MySQL Bugs: #40075: Non-descriptive error message when restoring on Falcon with open transactions

Bug #40075	Non-descriptive error message when restoring on Falcon with open transactions
Submitted:	16 Oct 2008 11:28	Modified:	7 Nov 2008 10:23
Reporter:	Øystein Grøvlen	Email Updates:
Status:	Not a Bug	Impact on me:	None
Category:	MySQL Server: Backup	Severity:	S3 (Non-critical)
Version:	6.0	OS:	Any
Assigned to:	Ingo Strüwing	CPU Architecture:	Any

Description:
If I restore table in Falcon while there are transactions with uncommitted changes, restore will fail.  This is as expected, but I feel the error message is not of much help in explaining the situation.  The error one gets is:

1676: Could not restore database `test`

With additional warning:

Error 1007 Can't create database 'test'; database exists

How to repeat:
The following test script illustrate this:

--enable_warnings
use test;
create table t (s1 int) engine=falcon;
backup database test to 'test.bak';
set @@autocommit=0;
insert into t values (0);

connect (backup,localhost,root,,);

restore from 'test.bak';

Suggested fix:
It seems that it is not detected that dropping the database fails because of the open transactions.  This needs to be detected and reported.

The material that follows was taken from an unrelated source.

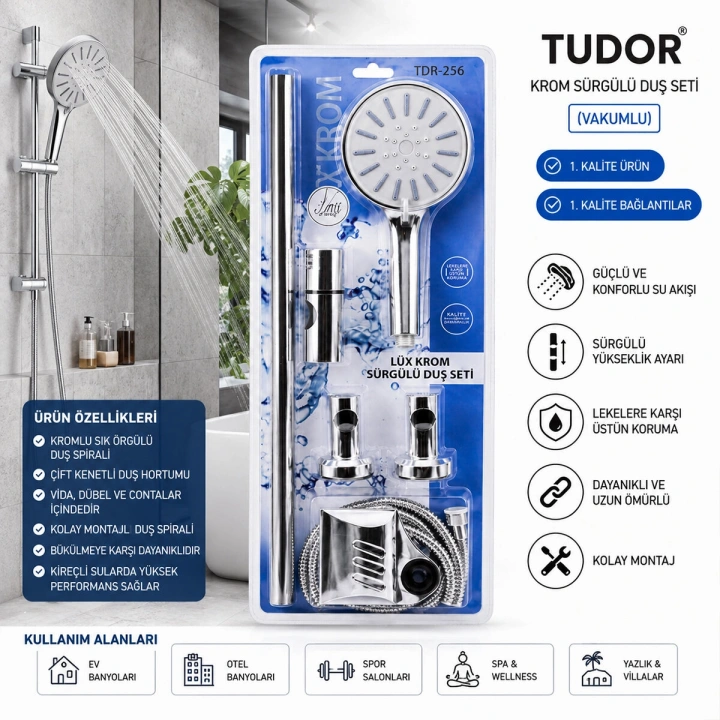 Egonex Tudor Tdr-256 ( Vakumlu & Krom ) Lux Sürgülü Duş Seti*25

It may be that BUG#33258 "Misleading Error when DROP TABLE operation while a transaction is open" is related to this issue.

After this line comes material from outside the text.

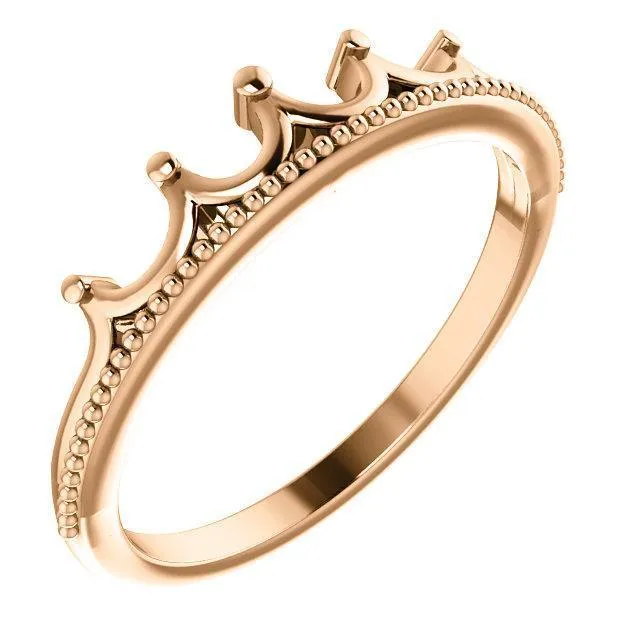 Royal Petite Crown with Milgrain Stackable Band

Thank you for the bug report. Verified as described.

A patch for this bug has been committed. After review, it may
be pushed to the relevant source trees for release in the next
version. You can access the patch from:

  http://lists.mysql.com/commits/58156

2727 Ingo Struewing	2008-11-07
      Bug#40075 - Non-descriptive error message when restoring
                  on Falcon with open transactions
      
      Not to be pushed. This is a demo patch. It shows, what could be changed
      to receive a better error message in this case.
      
      This patch reverts a couple of design decisions. It should not be pushed
      without approval from the architecture team. For more information see
      the bug report.
      
      As you can see, the changes do not always improve the error messages.
      In backup_views it became worse. Definitely.
      In ndb_single_user, it is arguable.
      In restore_obstacles it became better.

This is not a bug. It works as designed.

If you really want it changed, please ask our architects to revise the
design decisions. The below text may help to understand which decisions
are required.

The storage engine, Falcon in this case, returns an error code from
handler::ha_delete table(), which tells that the table cannot be deleted
because of ongoing transactions on this table
(ER_LOCK_OR_ACTIVE_TRANSACTION). This error code is blocked (cleared) at
multiple places and/or replaced by less informative error messages.

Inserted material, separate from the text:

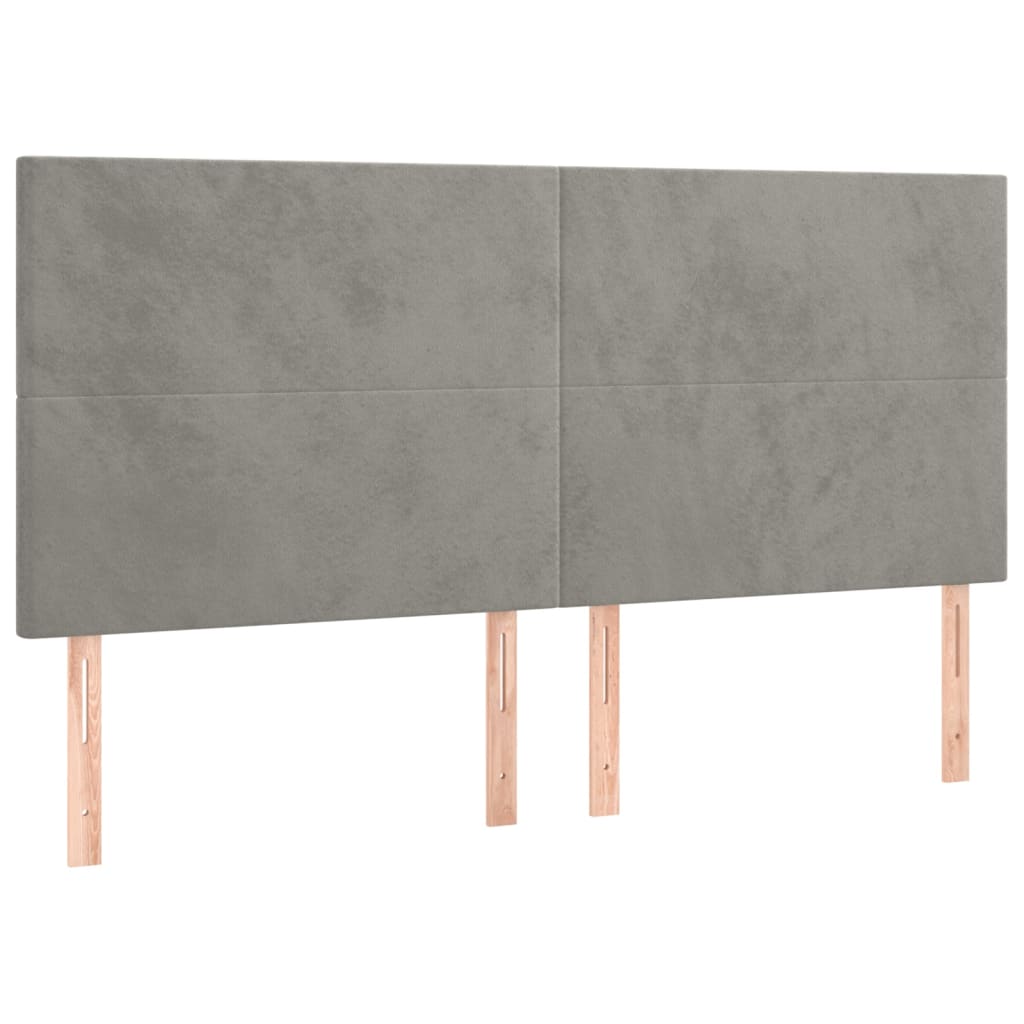 világosszürke bársony rugós és LED-es ágy matraccal 200x200 cm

Even if one or the other blockade could be seen as a "mistake" or "bug",
the mere existence of multiple blockades suggests that this is an
explicit design decision.

The problem with MySQL server error reporting is the diversity of error
reporting facilities. Several fuctional blocks have their own
facilities. Some use object oriented methods, others are plain
fuctional. Some build on thers, while some are independent. This might
come from the fact that there are at least two paradigms for error
reporting:

Paradigm #1: The first time, an error is detected, do immediately report
it with as much detail as possible. This will mostly be quite low level
information. But in most cases it names the real cause of the problem.
Higher level functions in the call hierarchy can add information that
tells the user, which operation was going on when the error happened.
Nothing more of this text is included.